◆ WORK TO COMPLETE ◆
Since only part of the material below is wanted, output exactly the lines from the one with "バンコク の中心地から車で高" up to and including the one with "Middle-aged male business person 128114732".

◆ TASK INPUTS ◆
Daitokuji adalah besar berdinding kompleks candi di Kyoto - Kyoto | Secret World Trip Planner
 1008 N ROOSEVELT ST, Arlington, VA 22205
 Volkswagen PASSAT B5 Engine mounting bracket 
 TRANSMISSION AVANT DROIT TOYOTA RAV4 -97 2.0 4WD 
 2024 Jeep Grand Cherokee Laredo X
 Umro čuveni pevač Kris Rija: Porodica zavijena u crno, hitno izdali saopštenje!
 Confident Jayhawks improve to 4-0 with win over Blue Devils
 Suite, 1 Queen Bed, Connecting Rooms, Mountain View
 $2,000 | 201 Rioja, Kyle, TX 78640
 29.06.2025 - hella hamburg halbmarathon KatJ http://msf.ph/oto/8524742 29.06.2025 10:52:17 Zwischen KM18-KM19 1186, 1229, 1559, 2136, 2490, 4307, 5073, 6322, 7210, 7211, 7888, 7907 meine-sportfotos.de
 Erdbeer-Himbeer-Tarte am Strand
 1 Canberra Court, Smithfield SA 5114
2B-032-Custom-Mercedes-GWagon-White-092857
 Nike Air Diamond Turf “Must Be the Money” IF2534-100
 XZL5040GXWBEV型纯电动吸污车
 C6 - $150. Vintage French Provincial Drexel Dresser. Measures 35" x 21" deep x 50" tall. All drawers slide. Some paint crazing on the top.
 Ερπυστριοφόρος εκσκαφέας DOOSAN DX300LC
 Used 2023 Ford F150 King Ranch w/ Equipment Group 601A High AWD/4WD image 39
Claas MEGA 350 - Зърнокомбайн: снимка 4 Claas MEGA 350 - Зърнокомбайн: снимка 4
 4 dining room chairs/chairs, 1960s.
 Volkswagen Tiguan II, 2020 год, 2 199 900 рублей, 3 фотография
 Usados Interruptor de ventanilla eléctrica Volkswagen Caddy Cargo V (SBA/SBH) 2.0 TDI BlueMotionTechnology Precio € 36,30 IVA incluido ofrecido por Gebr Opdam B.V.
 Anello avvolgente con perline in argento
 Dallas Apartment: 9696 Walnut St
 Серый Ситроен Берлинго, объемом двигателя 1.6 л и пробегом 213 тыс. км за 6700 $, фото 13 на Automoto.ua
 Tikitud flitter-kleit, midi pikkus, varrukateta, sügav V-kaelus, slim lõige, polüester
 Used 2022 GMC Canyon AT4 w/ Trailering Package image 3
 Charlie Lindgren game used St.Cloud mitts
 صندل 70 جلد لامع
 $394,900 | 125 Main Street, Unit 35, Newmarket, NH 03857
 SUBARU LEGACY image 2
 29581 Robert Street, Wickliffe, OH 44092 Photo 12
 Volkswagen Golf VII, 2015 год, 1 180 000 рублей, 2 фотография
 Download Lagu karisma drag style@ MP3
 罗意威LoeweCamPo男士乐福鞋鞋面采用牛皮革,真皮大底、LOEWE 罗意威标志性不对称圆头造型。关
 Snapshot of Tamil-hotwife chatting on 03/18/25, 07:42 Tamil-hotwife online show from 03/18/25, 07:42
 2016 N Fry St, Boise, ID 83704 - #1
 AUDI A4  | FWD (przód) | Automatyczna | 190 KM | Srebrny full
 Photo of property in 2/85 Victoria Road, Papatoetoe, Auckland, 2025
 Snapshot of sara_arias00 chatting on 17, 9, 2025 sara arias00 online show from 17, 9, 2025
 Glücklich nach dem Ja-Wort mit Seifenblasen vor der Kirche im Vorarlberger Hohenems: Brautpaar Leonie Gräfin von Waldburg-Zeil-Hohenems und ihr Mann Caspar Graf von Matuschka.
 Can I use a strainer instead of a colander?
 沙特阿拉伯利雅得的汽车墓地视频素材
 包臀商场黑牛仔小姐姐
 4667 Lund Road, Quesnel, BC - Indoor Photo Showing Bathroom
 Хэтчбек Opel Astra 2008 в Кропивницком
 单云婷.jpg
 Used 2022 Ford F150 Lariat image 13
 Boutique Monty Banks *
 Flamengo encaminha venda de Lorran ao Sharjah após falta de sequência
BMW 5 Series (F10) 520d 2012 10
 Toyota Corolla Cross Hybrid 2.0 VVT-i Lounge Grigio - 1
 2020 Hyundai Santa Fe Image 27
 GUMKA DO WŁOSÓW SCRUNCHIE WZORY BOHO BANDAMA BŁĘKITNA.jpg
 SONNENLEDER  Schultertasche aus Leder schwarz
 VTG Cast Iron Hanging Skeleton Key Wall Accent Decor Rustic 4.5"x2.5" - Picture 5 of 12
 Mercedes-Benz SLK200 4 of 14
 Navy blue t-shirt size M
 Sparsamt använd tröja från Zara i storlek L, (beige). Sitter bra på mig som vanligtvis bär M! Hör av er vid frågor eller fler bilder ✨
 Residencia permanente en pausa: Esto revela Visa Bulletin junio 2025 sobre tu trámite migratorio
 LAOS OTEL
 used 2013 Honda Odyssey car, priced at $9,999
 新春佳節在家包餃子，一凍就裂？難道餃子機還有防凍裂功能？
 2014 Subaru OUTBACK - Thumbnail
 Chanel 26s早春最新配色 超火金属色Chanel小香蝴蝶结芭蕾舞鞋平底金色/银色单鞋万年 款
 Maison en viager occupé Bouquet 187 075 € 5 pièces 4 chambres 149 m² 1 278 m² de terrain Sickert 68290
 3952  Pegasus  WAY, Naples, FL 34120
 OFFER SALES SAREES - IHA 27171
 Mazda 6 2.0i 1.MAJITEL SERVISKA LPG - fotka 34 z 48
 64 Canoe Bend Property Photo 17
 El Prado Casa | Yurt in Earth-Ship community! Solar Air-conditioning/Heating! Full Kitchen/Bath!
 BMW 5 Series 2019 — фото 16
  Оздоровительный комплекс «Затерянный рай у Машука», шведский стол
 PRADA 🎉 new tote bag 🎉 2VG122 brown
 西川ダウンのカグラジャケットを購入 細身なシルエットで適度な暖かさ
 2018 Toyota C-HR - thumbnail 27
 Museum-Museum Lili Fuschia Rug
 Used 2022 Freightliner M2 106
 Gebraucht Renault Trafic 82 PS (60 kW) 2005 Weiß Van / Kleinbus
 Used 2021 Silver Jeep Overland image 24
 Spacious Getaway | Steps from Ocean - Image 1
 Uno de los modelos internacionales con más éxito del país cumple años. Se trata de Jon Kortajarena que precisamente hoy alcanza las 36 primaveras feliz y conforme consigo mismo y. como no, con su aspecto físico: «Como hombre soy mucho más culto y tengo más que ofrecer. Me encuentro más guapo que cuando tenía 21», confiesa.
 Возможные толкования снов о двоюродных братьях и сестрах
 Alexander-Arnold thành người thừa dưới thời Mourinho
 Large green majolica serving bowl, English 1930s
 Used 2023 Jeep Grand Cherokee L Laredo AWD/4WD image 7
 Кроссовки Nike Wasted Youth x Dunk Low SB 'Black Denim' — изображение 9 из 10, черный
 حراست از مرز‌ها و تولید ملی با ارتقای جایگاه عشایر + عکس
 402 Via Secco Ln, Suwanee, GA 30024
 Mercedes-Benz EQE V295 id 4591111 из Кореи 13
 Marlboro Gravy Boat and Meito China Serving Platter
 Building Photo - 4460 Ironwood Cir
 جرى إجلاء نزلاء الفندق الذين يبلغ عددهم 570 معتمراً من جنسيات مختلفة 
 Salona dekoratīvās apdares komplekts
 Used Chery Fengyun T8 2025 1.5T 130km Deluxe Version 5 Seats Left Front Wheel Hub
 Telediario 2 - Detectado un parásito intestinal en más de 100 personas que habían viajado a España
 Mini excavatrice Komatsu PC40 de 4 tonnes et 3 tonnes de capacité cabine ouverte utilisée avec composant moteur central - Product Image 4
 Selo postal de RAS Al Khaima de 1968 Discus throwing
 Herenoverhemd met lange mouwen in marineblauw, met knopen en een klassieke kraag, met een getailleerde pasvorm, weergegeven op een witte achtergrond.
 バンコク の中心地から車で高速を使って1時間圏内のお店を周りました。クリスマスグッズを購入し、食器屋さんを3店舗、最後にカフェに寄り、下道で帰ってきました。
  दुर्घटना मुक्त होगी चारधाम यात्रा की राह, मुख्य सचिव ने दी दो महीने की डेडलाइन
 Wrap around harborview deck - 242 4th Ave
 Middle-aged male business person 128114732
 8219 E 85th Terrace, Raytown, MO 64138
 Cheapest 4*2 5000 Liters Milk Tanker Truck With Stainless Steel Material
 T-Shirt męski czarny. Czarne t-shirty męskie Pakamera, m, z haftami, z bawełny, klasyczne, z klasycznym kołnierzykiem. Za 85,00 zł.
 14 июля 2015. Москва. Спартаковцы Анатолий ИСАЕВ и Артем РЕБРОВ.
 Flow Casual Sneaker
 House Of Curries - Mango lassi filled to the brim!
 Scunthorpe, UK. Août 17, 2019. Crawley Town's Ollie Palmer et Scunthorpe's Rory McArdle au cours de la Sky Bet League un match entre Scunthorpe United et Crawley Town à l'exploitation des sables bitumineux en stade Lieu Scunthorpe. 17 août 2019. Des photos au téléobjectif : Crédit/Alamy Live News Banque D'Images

◆ ANSWER TO THE PROBLEM ◆
 バンコク の中心地から車で高速を使って1時間圏内のお店を周りました。クリスマスグッズを購入し、食器屋さんを3店舗、最後にカフェに寄り、下道で帰ってきました。
  दुर्घटना मुक्त होगी चारधाम यात्रा की राह, मुख्य सचिव ने दी दो महीने की डेडलाइन
 Wrap around harborview deck - 242 4th Ave
 Middle-aged male business person 128114732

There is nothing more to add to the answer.